■ **Exercise directions**: The first line of the entries and each line after it, through the one that contains "Kühlschrank, Mikrowelle, Ofen, Geschirrspüler", are to be duplicated exactly; no picture belongs in the copy.

■ **Data for processing**:
_____
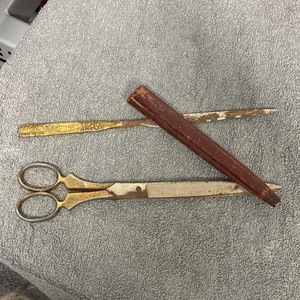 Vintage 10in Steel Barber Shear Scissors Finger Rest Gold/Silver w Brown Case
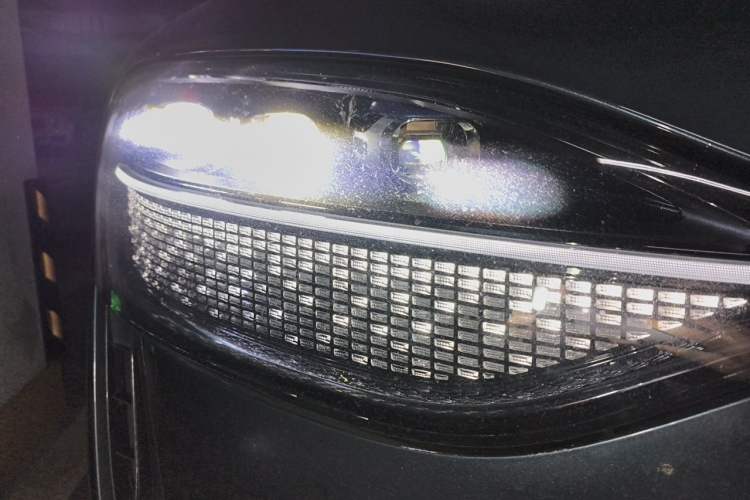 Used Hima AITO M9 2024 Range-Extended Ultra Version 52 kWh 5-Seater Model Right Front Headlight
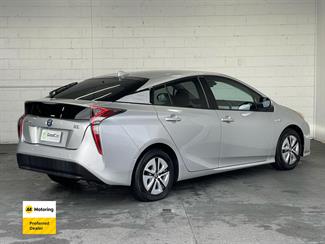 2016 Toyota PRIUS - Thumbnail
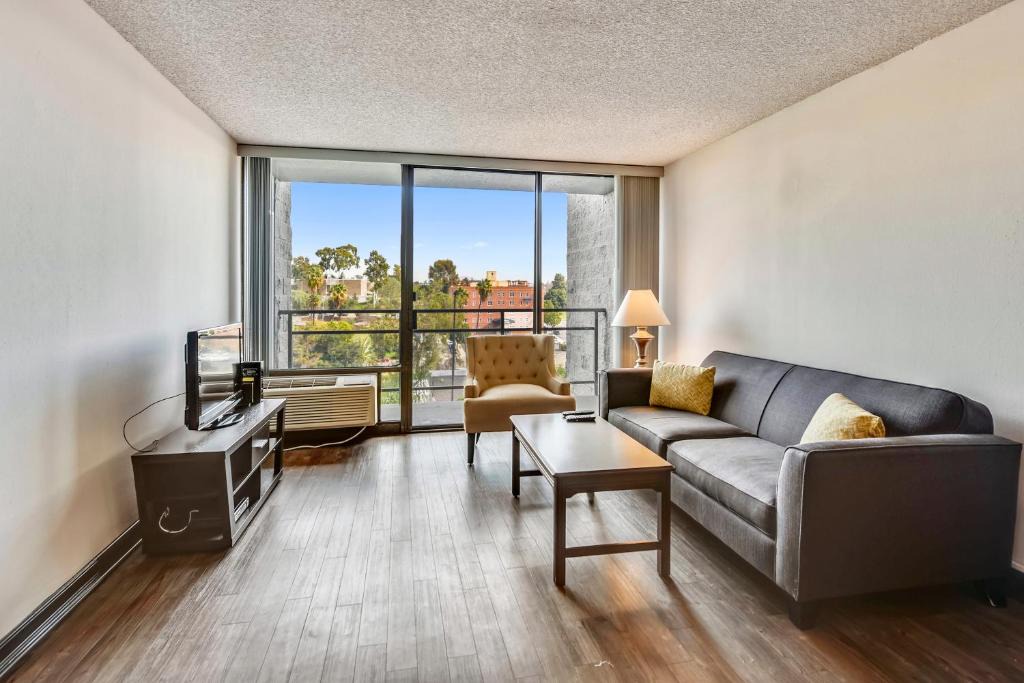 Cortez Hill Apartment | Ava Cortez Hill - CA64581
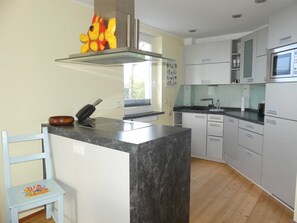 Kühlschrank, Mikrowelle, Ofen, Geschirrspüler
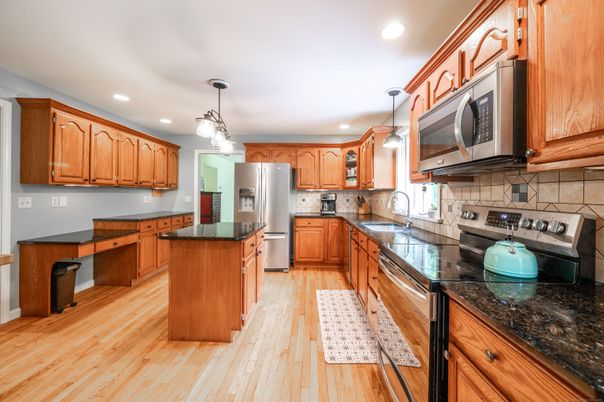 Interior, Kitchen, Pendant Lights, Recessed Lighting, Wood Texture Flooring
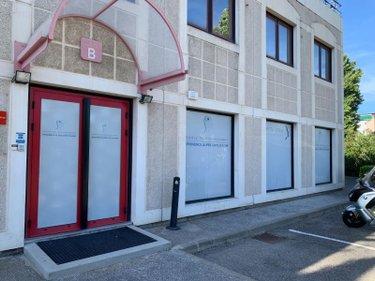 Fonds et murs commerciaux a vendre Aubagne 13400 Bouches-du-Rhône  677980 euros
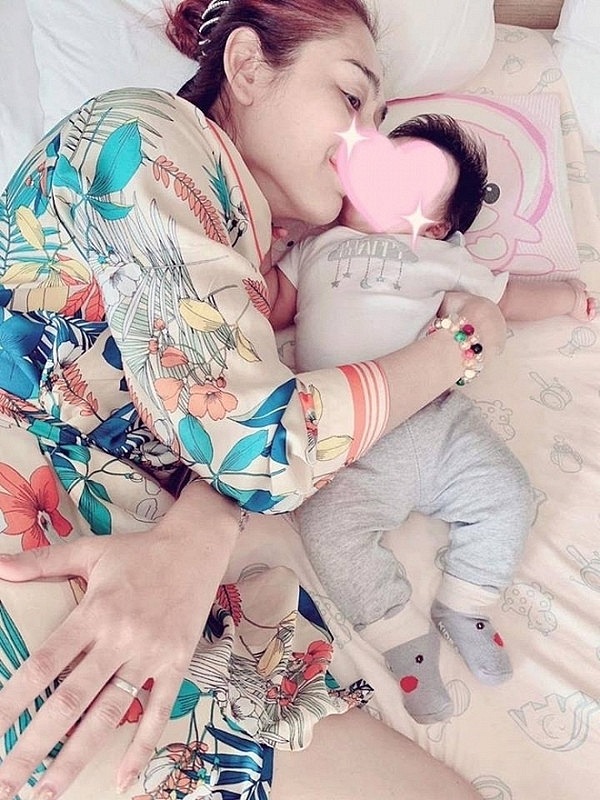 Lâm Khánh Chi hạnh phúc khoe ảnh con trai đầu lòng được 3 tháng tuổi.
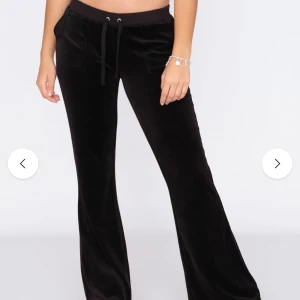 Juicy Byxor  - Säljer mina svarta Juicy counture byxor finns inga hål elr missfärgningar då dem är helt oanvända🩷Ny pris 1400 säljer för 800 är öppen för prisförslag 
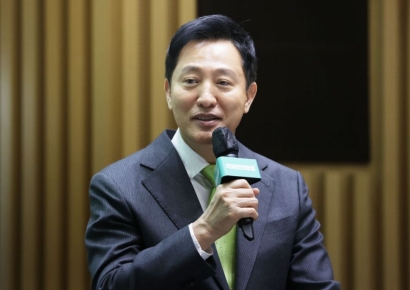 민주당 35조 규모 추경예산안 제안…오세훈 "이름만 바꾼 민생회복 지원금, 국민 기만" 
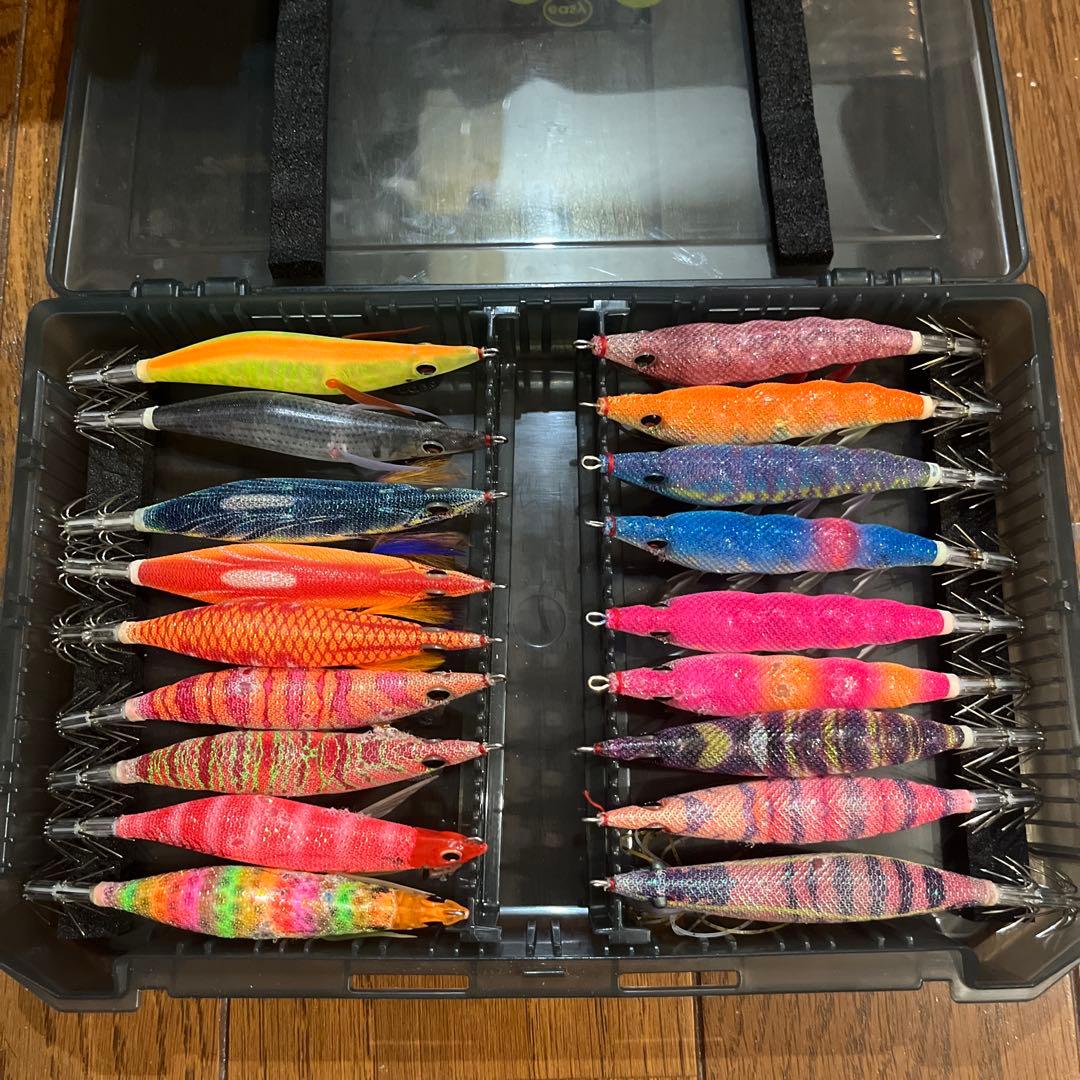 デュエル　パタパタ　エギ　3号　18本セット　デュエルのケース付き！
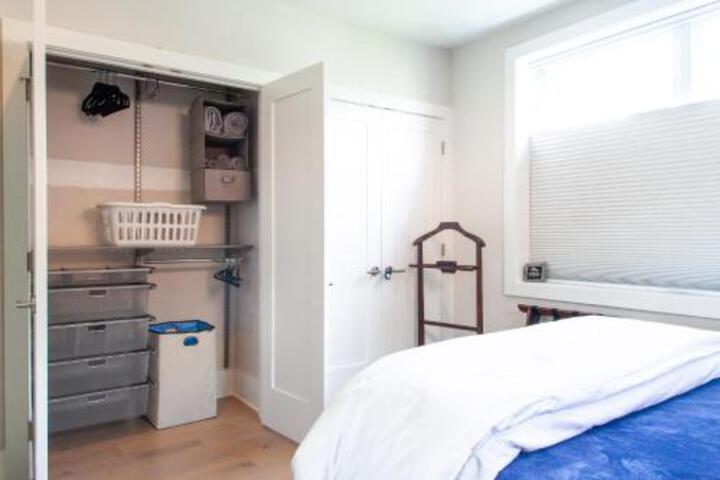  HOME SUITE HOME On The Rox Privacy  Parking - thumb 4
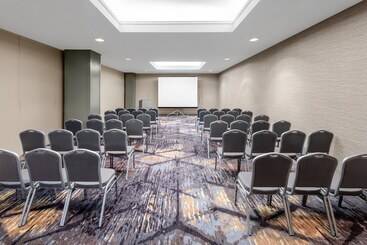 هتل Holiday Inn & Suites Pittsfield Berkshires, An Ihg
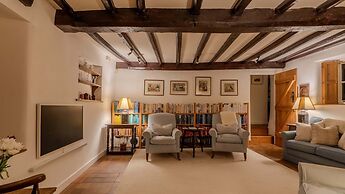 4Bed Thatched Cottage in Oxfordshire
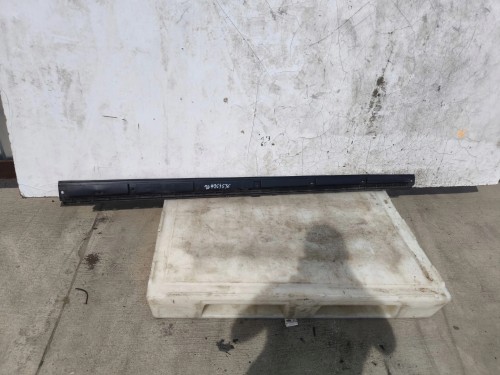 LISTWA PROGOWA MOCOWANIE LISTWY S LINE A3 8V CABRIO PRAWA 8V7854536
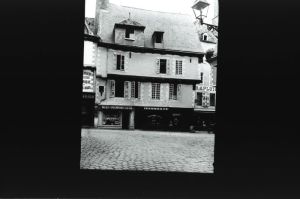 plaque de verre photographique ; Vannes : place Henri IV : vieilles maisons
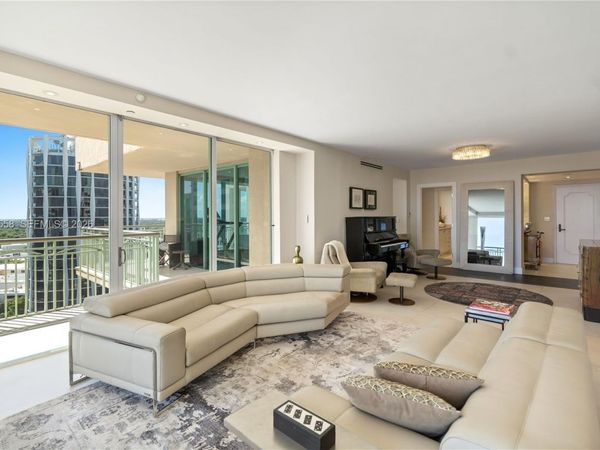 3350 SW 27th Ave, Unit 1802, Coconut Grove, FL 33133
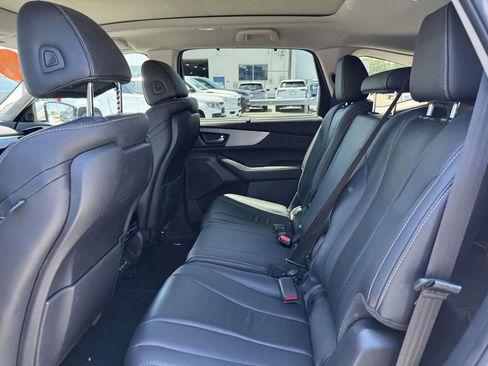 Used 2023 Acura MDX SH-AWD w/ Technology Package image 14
_____
■ **Problem solution**:
 Vintage 10in Steel Barber Shear Scissors Finger Rest Gold/Silver w Brown Case
 Used Hima AITO M9 2024 Range-Extended Ultra Version 52 kWh 5-Seater Model Right Front Headlight
 2016 Toyota PRIUS - Thumbnail
 Cortez Hill Apartment | Ava Cortez Hill - CA64581
 Kühlschrank, Mikrowelle, Ofen, Geschirrspüler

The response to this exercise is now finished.